**DIRECTIONS:**
Copy each line in the data below that contains the word "full".

**EXTRACTED MATERIAL:**

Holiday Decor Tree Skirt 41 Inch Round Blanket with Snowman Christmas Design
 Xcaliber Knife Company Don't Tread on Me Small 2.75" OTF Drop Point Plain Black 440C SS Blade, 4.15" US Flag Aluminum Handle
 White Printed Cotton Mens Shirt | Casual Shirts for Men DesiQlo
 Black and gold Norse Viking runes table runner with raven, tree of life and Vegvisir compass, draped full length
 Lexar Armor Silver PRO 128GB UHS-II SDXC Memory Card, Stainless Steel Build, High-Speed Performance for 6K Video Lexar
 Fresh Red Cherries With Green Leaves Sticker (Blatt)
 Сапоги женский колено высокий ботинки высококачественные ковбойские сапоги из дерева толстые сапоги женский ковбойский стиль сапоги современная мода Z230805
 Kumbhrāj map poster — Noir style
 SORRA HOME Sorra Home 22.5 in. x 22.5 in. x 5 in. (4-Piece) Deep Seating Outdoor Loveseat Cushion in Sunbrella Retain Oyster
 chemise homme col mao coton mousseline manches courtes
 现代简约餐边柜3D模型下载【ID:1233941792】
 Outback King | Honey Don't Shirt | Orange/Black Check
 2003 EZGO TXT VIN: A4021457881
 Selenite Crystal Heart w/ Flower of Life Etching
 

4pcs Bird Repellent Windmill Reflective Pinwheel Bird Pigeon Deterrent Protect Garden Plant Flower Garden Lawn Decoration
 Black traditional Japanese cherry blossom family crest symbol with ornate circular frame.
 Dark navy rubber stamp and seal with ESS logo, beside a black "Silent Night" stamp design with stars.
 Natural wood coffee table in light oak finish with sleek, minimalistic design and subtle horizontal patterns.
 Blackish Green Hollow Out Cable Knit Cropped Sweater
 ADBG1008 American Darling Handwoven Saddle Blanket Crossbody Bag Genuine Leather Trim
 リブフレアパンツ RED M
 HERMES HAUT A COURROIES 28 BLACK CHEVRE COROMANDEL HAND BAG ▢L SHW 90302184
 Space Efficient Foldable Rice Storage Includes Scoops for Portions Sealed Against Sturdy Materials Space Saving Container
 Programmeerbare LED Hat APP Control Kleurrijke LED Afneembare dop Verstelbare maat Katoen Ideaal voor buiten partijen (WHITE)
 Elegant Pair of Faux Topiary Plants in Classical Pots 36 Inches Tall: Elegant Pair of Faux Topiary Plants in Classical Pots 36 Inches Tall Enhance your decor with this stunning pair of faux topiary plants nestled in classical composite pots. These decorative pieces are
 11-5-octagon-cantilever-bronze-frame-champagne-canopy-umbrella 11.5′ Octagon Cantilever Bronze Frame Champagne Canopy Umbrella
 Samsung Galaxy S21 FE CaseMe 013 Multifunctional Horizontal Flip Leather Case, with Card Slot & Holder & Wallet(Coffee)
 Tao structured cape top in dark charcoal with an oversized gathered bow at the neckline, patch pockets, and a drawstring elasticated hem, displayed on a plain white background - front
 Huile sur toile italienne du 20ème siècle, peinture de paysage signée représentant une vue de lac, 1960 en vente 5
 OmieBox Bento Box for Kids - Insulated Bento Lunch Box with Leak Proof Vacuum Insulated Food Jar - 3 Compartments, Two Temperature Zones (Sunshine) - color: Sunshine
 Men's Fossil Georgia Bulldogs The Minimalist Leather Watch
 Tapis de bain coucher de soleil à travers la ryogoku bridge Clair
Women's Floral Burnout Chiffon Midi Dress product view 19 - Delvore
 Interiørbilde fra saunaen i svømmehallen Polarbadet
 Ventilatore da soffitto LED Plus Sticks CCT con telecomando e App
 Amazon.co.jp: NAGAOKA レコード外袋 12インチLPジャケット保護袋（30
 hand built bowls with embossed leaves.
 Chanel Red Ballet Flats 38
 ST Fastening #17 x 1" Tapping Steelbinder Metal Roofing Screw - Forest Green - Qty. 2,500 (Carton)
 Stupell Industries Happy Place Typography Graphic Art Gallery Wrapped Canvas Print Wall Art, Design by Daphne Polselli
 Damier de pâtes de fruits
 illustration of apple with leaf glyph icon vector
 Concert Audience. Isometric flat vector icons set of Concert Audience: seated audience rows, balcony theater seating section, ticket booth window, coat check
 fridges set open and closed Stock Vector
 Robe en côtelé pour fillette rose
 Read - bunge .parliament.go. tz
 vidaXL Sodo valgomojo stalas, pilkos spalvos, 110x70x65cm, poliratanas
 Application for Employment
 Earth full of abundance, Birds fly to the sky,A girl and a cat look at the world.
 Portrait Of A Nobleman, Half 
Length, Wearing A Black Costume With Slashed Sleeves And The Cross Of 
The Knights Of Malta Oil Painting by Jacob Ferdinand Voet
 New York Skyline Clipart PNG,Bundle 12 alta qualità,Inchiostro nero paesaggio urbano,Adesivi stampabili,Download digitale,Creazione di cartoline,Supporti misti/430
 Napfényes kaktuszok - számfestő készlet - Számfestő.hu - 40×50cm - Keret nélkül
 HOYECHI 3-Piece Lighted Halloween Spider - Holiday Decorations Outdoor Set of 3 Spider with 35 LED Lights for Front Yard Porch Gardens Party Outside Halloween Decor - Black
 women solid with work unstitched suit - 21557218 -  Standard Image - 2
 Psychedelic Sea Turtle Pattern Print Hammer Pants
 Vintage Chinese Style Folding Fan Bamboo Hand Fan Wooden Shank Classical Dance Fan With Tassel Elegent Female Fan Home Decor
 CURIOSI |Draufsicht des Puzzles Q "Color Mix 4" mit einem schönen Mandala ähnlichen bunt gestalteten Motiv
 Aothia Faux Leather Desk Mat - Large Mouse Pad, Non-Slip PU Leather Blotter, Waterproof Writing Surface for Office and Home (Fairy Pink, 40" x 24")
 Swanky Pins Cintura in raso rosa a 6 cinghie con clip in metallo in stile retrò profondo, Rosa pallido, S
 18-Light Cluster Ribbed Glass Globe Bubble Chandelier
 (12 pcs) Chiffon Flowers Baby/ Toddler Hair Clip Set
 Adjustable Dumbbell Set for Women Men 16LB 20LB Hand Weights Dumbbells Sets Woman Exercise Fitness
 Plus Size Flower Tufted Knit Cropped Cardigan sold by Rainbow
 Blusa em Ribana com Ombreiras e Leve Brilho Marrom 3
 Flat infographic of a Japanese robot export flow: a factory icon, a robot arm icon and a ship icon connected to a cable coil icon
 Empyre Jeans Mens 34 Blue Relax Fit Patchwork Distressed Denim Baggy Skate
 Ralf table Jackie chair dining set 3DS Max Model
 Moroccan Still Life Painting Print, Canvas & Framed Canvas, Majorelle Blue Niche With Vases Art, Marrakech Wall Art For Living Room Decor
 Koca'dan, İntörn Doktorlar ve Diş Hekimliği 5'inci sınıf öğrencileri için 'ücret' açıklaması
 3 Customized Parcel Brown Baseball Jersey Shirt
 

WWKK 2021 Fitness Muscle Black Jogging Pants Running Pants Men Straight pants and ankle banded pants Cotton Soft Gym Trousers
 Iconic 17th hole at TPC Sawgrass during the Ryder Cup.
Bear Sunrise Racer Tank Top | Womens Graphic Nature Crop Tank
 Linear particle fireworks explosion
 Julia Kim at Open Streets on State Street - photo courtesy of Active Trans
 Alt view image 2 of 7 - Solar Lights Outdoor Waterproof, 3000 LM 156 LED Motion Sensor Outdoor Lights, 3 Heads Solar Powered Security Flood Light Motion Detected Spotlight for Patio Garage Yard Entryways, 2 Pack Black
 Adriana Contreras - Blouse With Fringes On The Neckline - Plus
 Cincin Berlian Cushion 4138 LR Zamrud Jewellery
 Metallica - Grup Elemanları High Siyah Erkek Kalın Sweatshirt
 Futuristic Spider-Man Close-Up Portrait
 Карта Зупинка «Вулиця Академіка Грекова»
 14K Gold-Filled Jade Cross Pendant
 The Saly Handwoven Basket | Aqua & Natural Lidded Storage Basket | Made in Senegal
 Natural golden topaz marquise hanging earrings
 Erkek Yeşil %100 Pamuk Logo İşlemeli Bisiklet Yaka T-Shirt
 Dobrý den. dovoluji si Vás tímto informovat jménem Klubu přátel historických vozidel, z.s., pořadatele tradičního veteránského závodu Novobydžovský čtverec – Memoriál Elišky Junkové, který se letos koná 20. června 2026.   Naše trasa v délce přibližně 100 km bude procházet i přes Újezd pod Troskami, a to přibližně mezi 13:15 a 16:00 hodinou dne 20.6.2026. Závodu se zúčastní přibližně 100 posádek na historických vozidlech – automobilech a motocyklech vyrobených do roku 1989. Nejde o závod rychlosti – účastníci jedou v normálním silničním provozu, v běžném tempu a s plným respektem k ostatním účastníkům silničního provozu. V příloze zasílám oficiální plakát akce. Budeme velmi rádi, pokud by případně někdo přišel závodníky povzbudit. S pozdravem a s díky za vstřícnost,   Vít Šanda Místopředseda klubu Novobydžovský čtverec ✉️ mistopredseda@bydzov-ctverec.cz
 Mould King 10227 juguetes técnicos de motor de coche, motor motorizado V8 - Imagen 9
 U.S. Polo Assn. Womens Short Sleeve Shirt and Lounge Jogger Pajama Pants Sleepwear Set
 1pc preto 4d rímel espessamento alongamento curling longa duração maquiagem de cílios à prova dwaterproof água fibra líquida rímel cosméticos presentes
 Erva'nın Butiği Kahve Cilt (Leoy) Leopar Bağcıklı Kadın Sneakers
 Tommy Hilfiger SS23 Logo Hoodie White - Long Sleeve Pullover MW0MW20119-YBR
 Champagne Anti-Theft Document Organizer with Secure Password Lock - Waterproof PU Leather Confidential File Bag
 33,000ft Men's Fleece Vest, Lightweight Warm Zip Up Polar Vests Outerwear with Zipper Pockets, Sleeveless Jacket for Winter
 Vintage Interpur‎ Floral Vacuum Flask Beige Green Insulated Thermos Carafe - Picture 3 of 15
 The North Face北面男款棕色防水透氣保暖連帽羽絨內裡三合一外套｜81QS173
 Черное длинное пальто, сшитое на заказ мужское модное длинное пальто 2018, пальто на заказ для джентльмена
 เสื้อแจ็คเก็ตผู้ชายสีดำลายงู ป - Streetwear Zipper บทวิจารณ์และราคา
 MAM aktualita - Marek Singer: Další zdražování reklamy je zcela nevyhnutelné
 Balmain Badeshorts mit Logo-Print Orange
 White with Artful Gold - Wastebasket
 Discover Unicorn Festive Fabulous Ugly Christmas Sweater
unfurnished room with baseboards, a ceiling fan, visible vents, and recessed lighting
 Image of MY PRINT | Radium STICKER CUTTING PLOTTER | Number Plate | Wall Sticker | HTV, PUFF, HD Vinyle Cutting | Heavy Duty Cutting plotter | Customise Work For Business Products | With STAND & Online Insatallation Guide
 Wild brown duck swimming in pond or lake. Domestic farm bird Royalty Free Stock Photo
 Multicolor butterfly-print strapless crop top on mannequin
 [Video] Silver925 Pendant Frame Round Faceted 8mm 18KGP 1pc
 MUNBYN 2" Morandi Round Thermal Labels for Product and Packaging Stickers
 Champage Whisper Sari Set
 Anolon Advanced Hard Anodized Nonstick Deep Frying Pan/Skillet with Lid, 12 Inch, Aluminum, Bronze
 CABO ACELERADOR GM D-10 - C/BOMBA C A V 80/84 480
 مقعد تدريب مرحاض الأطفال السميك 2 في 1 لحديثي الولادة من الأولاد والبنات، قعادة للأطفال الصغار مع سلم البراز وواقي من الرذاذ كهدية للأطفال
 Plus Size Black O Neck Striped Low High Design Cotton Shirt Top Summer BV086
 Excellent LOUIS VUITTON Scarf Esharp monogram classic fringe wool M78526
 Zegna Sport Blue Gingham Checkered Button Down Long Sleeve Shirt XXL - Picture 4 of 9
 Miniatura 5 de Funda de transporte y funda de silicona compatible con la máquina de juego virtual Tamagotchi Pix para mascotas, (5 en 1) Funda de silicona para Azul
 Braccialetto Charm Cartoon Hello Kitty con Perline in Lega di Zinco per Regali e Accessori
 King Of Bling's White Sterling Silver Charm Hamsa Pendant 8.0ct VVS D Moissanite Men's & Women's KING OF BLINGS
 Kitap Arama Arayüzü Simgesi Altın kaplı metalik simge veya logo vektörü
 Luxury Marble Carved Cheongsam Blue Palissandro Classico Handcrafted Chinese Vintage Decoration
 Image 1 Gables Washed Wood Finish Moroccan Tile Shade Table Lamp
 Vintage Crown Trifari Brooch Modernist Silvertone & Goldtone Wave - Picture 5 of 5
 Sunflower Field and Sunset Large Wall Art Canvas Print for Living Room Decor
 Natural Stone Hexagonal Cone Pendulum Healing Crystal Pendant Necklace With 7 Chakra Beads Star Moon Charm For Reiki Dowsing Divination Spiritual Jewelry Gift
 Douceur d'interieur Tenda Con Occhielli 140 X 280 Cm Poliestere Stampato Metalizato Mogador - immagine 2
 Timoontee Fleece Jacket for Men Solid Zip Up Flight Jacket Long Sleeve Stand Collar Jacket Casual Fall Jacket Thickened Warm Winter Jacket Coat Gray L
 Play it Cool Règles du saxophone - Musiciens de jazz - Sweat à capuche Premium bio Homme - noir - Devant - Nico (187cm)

**ANSWER TO THIS PROBLEM:**
 Black and gold Norse Viking runes table runner with raven, tree of life and Vegvisir compass, draped full length
 Earth full of abundance, Birds fly to the sky,A girl and a cat look at the world.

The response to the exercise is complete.